Проведенные оккупационными властями всеобъемлющие реформы в образовании, экономике и политике, начиная с 1949 года сопровождавшиеся жестким подавлением прокоммунистических изданий и активистов, несомненно, сыграли ключевую роль в дальнейшем формировании внутреннего дискурса по многим вопросам, и особенно в отношении СССР и коммунизма (см.: Japanese Newspaper and Publishers Association 1951; Takemae 2002). Однако, хотя оккупация и оказала свое влияние на формирование внутрияпонского послевоенного дискурса, политическая инаковость Советского Союза окончательно утвердилась лишь после обретения Японией независимости в 1951 году и утвердилась в рамках политических дискуссий между правящими консерваторами и левой оппозицией. Консервативный конструкт политической идентичности Японии и его оспаривание социалистами и прогрессивными интеллектуалами доминировали во внутреннем политическом дискурсе в течение всей «холодной войны»; именно в этом контексте инаковость СССР и коммунизма и получила общее признание.
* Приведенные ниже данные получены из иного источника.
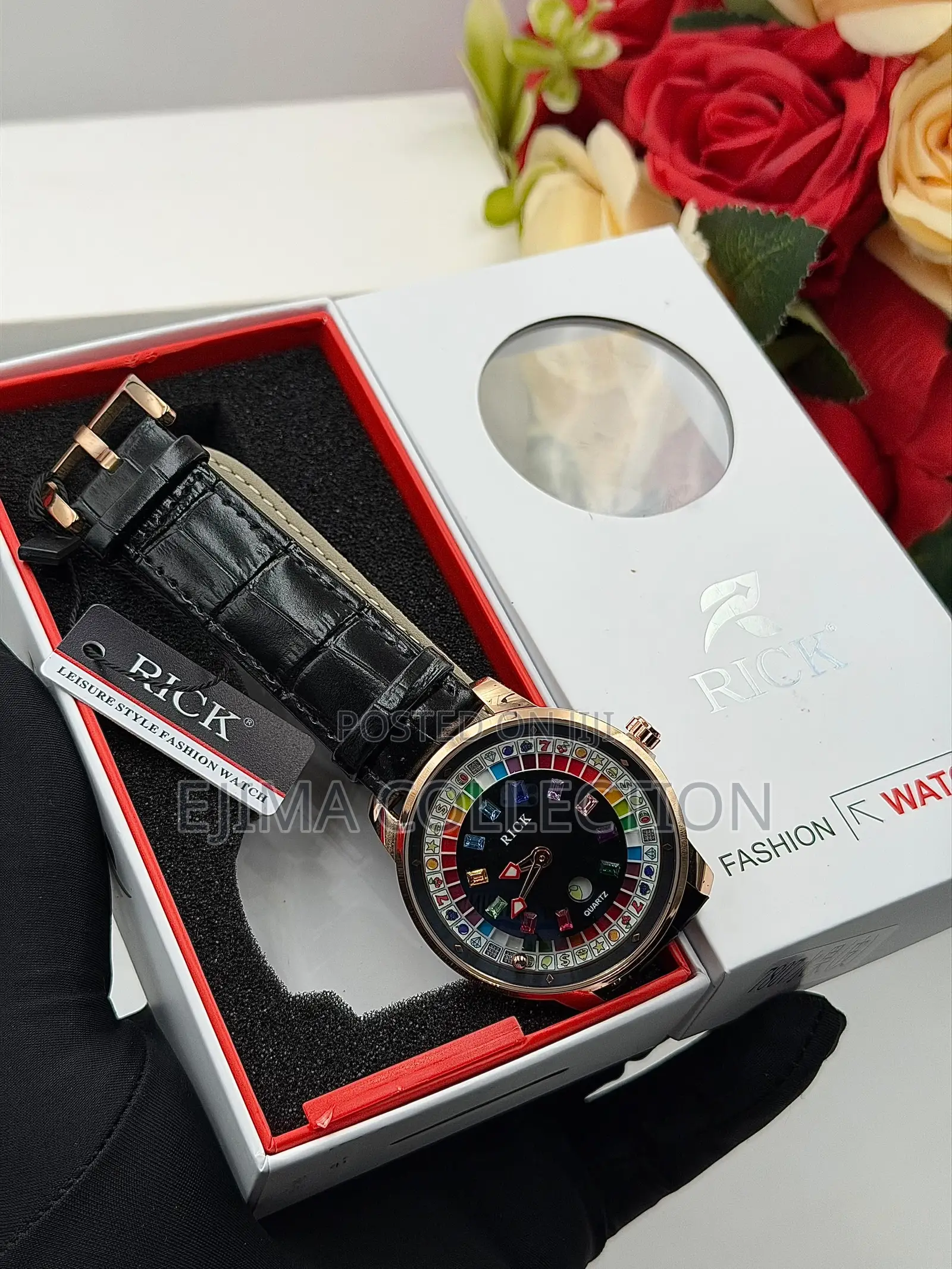 Quality Rick Leather Watch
Левый взгляд: мир, демократия, невооруженный нейтралитет

После обретения независимости правящие консервативные элиты взялись исправлять «ошибки оккупации» (например, восстановили государственный контроль над школьной программой), при этом продолжая строить «свободную и демократическую» Японию, как того хотели американские оккупационные власти (см., например, речь премьер-министра Йосиды перед парламентариями 12 октября 1951 года). Поскольку в лагере консерваторов собрались представители самых разных направлений, «советский Другой» стал служить различным – порой противоречивым – целям в нарративе об имперском прошлом Японии. Однако какой бы аспект «советского Другого» ни подчеркивался, он постоянно служил тем фоном, на котором строилась и определялась политическая нормальность послевоенной Японии.
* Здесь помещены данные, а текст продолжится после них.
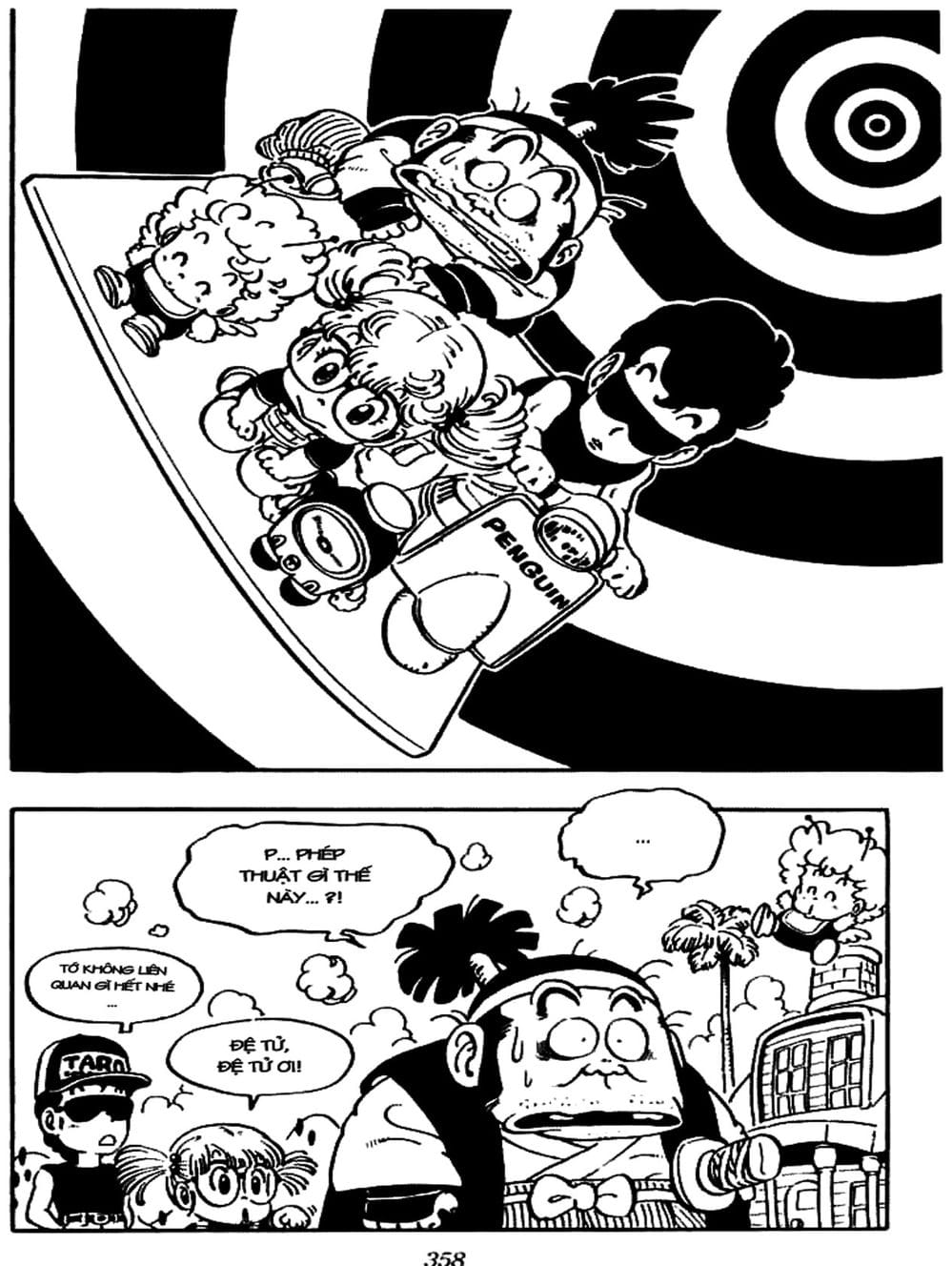 Truyện Tranh Tiến Sĩ Slump - Dr. Slump trang 1069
«Авторитарный» Советский Союз, где «нет свободы слова» и у власти стоит «государственный национализм», определенным кругам консерваторов давал возможность сравнивать имперскую Японию с СССР и таким образом подчеркивать, что после войны Япония порвала со своим прошлым. В этом нарративе упор делался на «свободную» и «демократическую» Японию, сопоставляемую с ее собственным «ненормальным» прошлым, которое уподоблялось характерным для Советского Союза «авторитаризму» и «национализму» (Nakasone 1954: 1–38). Для других консерваторов, многие из которых входили в политический истеблишмент и до 1945 года, теплые воспоминания об имперском прошлом были неотъемлемой частью понимания послевоенной идентичности Японии. Коммунистический Советский Союз (как и коммунистический Китай) давал возможность уберечь имперскую историю Японии от негативного нарратива левых, не скупившихся на критику недавней истории Японии и обвинения в авторитаризме, милитаризме и империализме. Этот тип превращения СССР в Другого Японии наиболее ярко проявился в борьбе вокруг школьных учебников истории, составлением которых занимались в основном историки с левыми убеждениями. В первой послевоенной битве за образование, имевшей место в середине 1950-х, Специальный комитет консервативной Демократической партии по проблеме учебников заявил об острой необходимости пересмотреть учебники по истории и историческое образование в целом. Было сказано, что существующие «красные» учебники отмечены преклонением перед СССР и коммунистическим Китаем и дают ученикам чуждый для Японии взгляд на историю (Minshuto 1955).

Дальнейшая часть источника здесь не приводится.